**EXERCISE BRIEF:** Write out each record below exactly, without pictures.

**EXTRACTED RECORDS:**
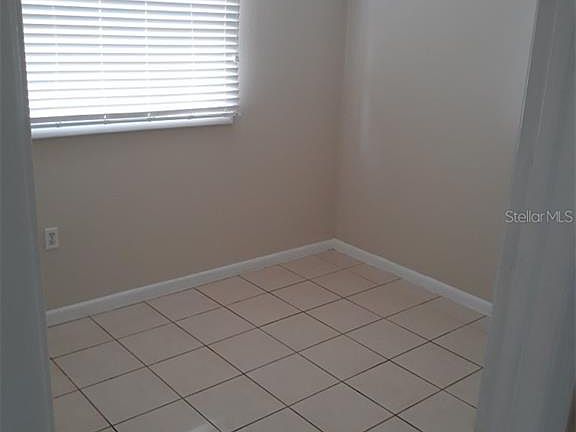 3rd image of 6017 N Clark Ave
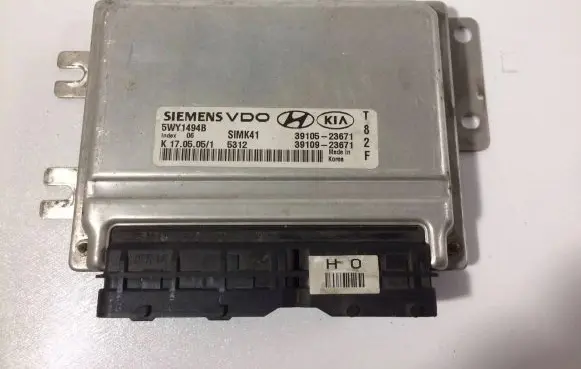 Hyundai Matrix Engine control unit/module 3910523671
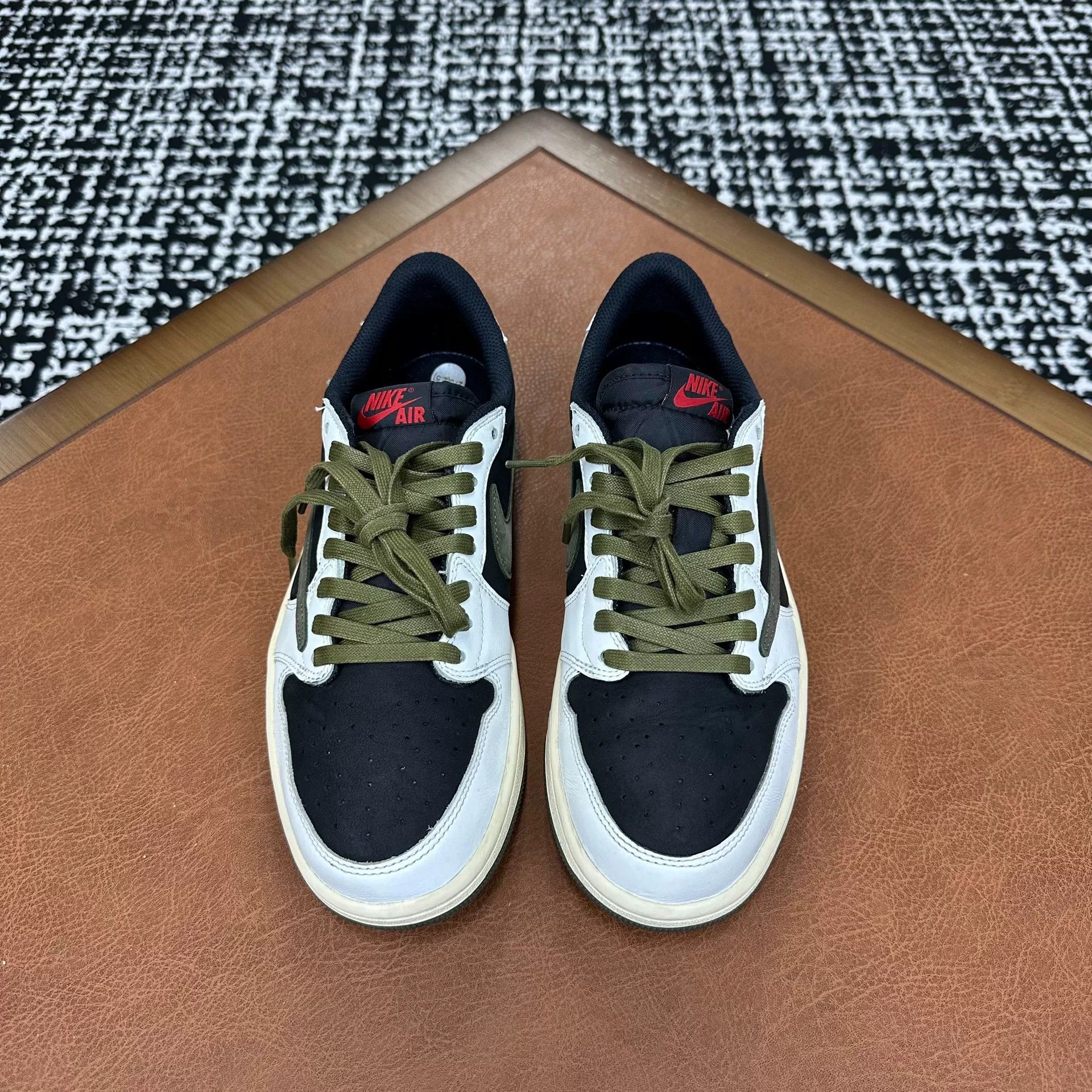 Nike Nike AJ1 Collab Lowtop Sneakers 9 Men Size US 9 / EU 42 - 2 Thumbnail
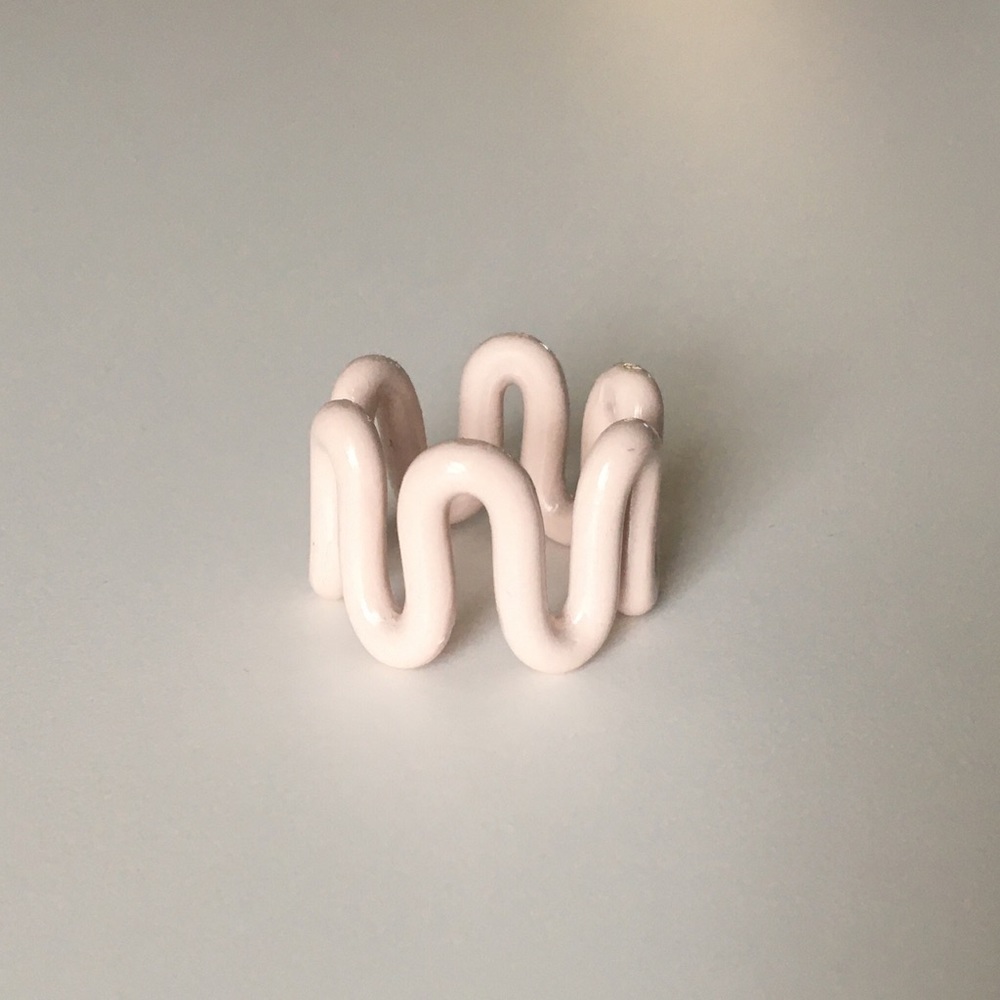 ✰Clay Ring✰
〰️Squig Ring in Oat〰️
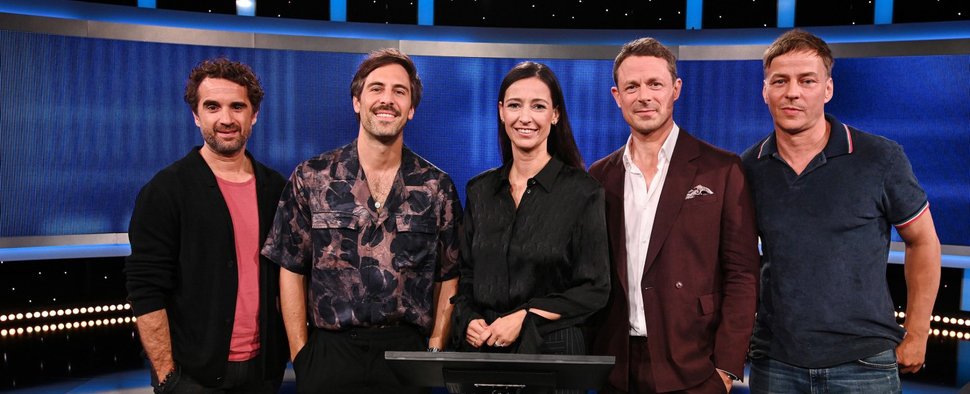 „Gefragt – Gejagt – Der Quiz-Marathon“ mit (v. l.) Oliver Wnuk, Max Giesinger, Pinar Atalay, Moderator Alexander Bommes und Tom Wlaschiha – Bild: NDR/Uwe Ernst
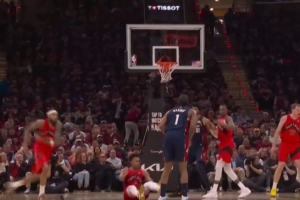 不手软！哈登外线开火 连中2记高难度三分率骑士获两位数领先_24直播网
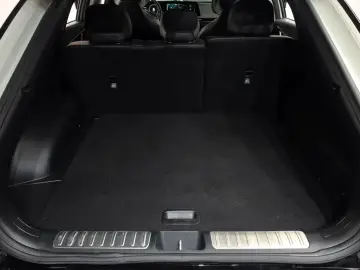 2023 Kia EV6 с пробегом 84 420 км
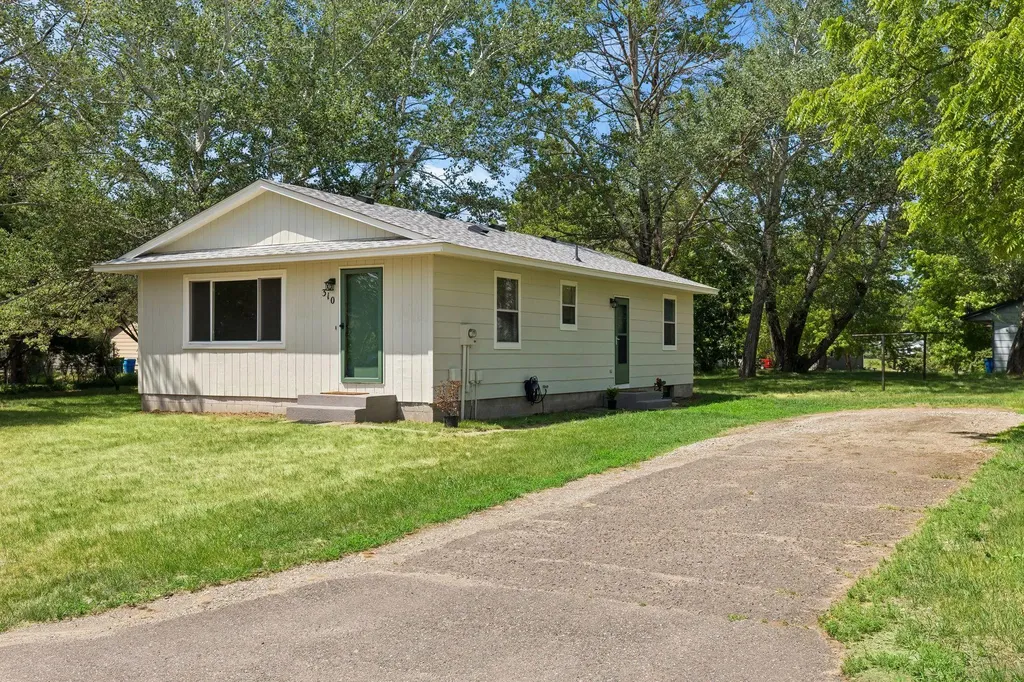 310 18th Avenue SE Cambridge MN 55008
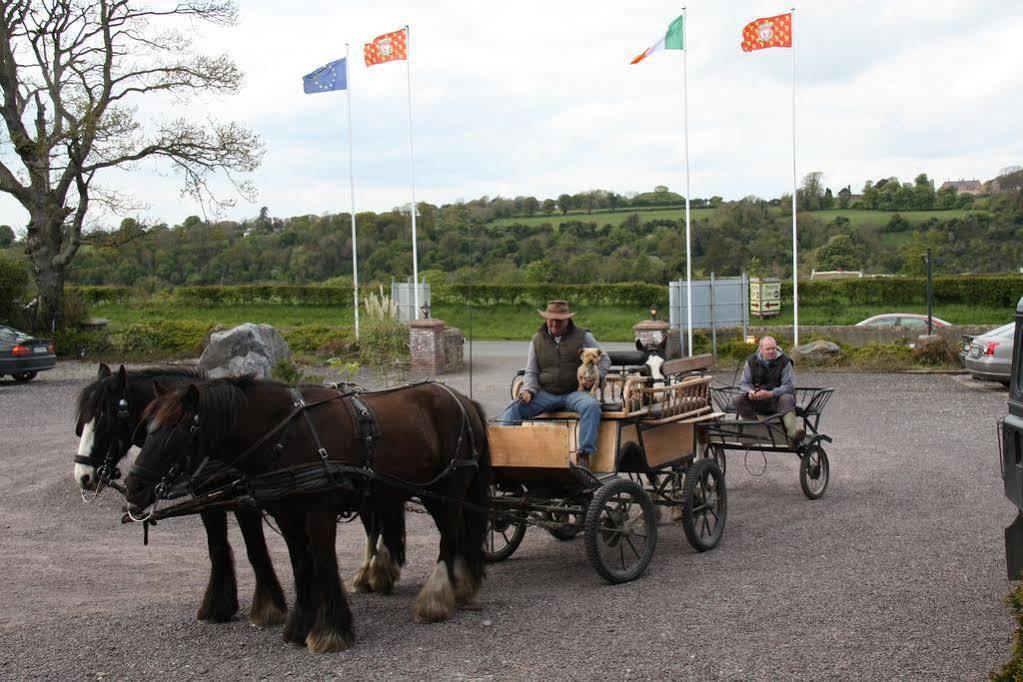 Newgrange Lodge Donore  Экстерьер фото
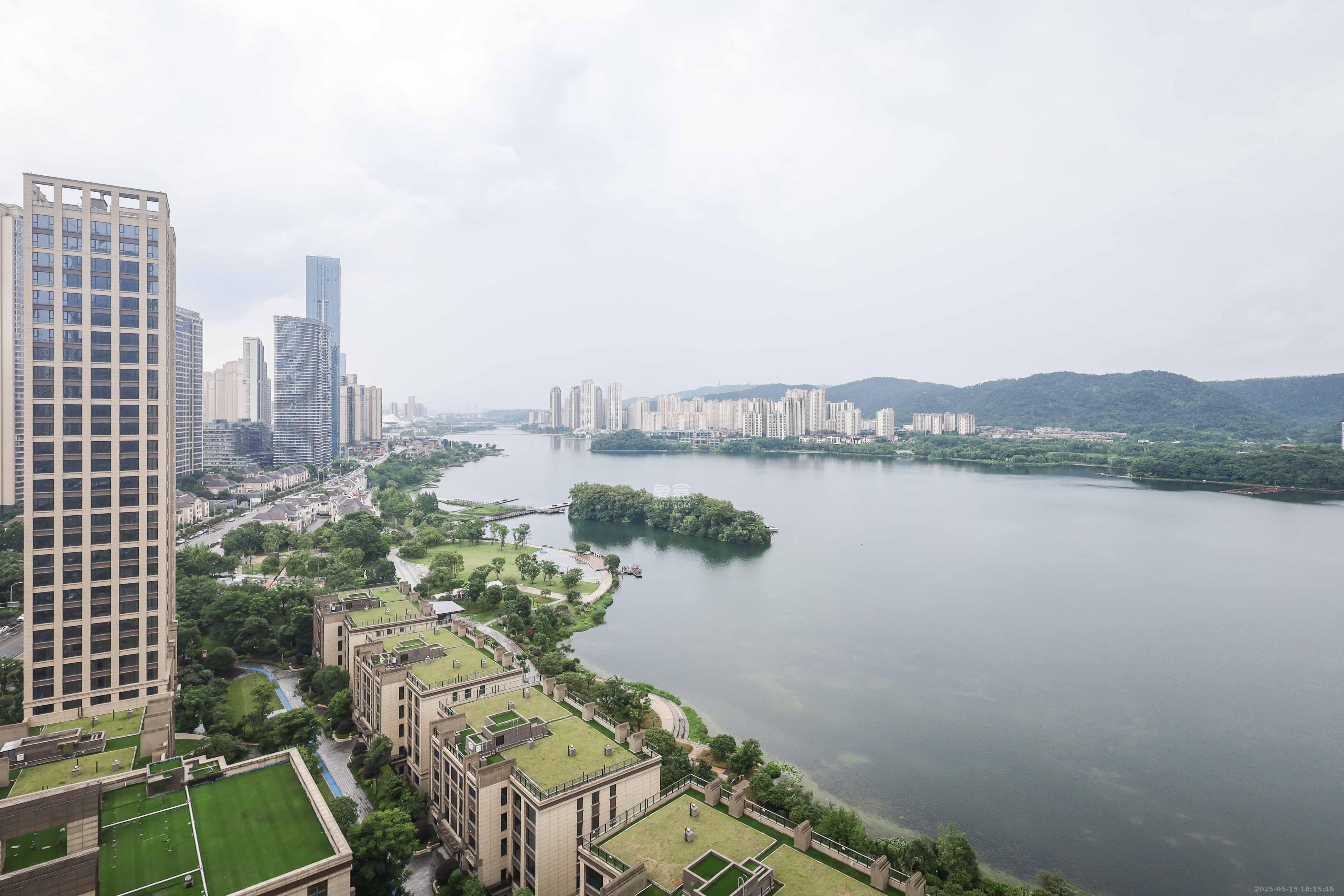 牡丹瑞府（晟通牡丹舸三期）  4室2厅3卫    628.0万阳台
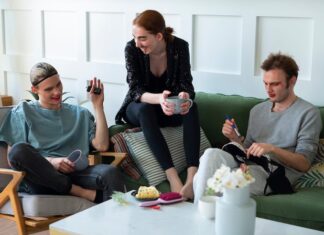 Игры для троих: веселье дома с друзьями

**TASK RESPONSE:**
 3rd image of 6017 N Clark Ave
 Hyundai Matrix Engine control unit/module 3910523671
 Nike Nike AJ1 Collab Lowtop Sneakers 9 Men Size US 9 / EU 42 - 2 Thumbnail
 ✰Clay Ring✰
〰️Squig Ring in Oat〰️
 „Gefragt – Gejagt – Der Quiz-Marathon“ mit (v. l.) Oliver Wnuk, Max Giesinger, Pinar Atalay, Moderator Alexander Bommes und Tom Wlaschiha – Bild: NDR/Uwe Ernst
 不手软！哈登外线开火 连中2记高难度三分率骑士获两位数领先_24直播网
 2023 Kia EV6 с пробегом 84 420 км
 310 18th Avenue SE Cambridge MN 55008
 Newgrange Lodge Donore  Экстерьер фото
 牡丹瑞府（晟通牡丹舸三期）  4室2厅3卫    628.0万阳台
 Игры для троих: веселье дома с друзьями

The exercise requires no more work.